Le Regioni lanciano il grido di dolore, sostenendo di non essere in grado di sopravvivere a fronte dei tagli previsti dalla legge di Stabilità 2016, soprattutto in Sanità, e soprattutto di quelli previsti per il triennio 2017-2019? Renzi rilancia il tema dello “spreco”, e si esibisce in una delle sue prove dialettico-muscolari che spesso scadono nell’atteggiamento da bulletto di periferia. Che c’è dietro questa posizione del premier? Intanto, questa assertività pare aver spostato l’asse strategico del rapporto con gli enti territoriali dall’esigenza di introdurre i costi standard ad una forma di “responsabilizzazione ruvida” degli enti medesimi: “sprecate troppo, arrangiatevi con tagli di spesa e non azzardatevi a recuperare risorse con nuove tasse, vanificando i tagli di tasse del mio governo”. Ora, i tagli di tasse del suo governo sono assai poco reali ma non è questo il punto.
Per caso Renzi sta perseguendo una condotta del tipo “affamiamo la Bestia regionale”? Se così fosse, sarebbe un interessante esperimento, anche riguardo alle ricadute in termini di consenso per il suo partito, che governa la maggioranza del territorio regionale italiano. Non si vuole qui difendere le Regioni, sia chiaro: è verosimile che aree di spreco vi siano, anche se generalizzare è sempre pericoloso. Ma occorre chiedersi se ed a che punto siamo ormai prossimi al punto di rottura della sostenibilità economico-finanziaria dei governi regionali. Ad esempio, siamo davvero prossimi al dissesto, all’impatto negativo sull’attesa di vita causato dalla erosione dei livelli essenziali di assistenza sanitaria? Siamo davvero prossimi al collasso del sistema di trasporto pubblico locale? Esiste una effettiva ridondanza degli organici della burocrazia regionale? Se sì, quanti licenziamenti servirebbero? Comprimendo ulteriormente la spesa riusciremo ad indurre la rinascita delle Regioni, anche e soprattutto attraverso la loro “moralizzazione” oppure arriveremo all’implosione del paese? In sintesi estrema: siamo davvero al limite di comprimibilità della spesa pubblica locale?

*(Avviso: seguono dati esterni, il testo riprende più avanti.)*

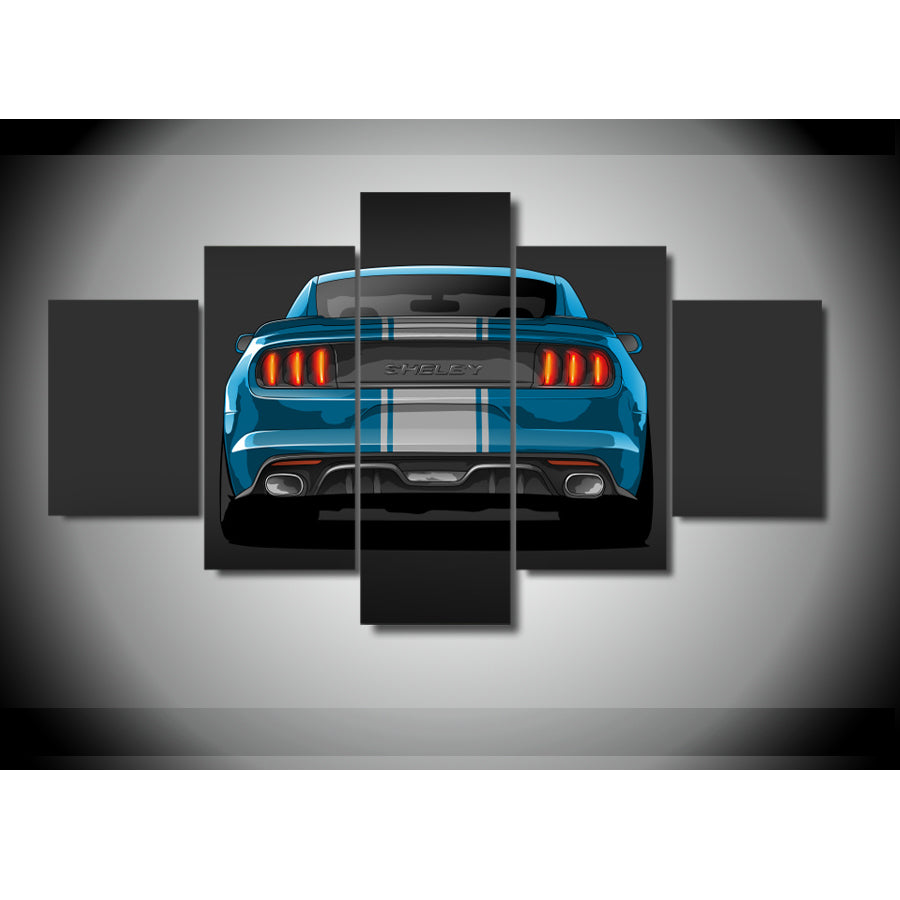 SHELBY CANVAS ART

Al netto delle drammatizzazioni, è ormai chiaro che Renzi sta correndo verso la resa dei conti con il sistema Italia. Non si può continuare a rinviare nel tempo l’aggiustamento di finanza pubblica: le clausole di salvaguardia gonfiano il tappeto sotto cui sono spinte, sino al momento in cui franano addosso al paese. Se il futuro italiano è un crac di finanza pubblica, o il cambiamento del modello sociale, con gli ovvii traumi che da esso conseguiranno, l’azione di Renzi potrà accelerarne gli esiti, anche se in modo inconsapevole ed involontario. Oppure, assai più banalmente, Renzi è solo il predestinato all’appuntamento col destino di questo sciagurato paese.